Computer Center of Shanxi University, Taiyuan 030006, P.R.C.
Neural Comput. 2014 Jan;26(1):208-35. doi: 10.1162/NECO_a_00532. Epub 2013 Oct 8.
In the research of machine learning algorithms for classification tasks, the comparison of the performances of algorithms is extremely important, and a statistical test of significance for generalization error is often used to perform it in the machine learning literature. In view of the randomness of partitions in cross-validation, a new blocked 3×2 cross-validation is proposed to estimate generalization error in this letter. We then conduct an analysis of variance of the blocked 3×2 cross-validated estimator. A relatively conservative variance estimator that considers the correlation between any two two-fold cross-validations, and was previously neglected in 5×2 cross-validated t and F-tests is put forward.
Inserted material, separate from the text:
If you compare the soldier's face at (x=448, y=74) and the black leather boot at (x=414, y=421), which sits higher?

A corresponding test using this variance estimator is presented to compare the performances of algorithms. Simulated results show that the performance of our test is comparable with that of 5×2 cross-validated tests but with less computation complexity.
在分类任务的机器学习算法研究中,算法性能的比较非常重要,而在机器学习文献中,通常使用对泛化误差的显著性统计检验来进行比较。针对交叉验证中划分的随机性问题,本文提出了一种新的分块 3×2 交叉验证方法来估计泛化误差。然后,我们对分块 3×2 交叉验证估计量进行方差分析。提出了一种相对保守的方差估计量,它考虑了任何两个两重交叉验证之间的相关性,而在之前的 5×2 交叉验证 t 和 F 检验中被忽略了。提出了一种使用该方差估计量的相应检验方法,用于比较算法的性能。模拟结果表明,我们的检验方法的性能与 5×2 交叉验证检验方法相当,但计算复杂度较低。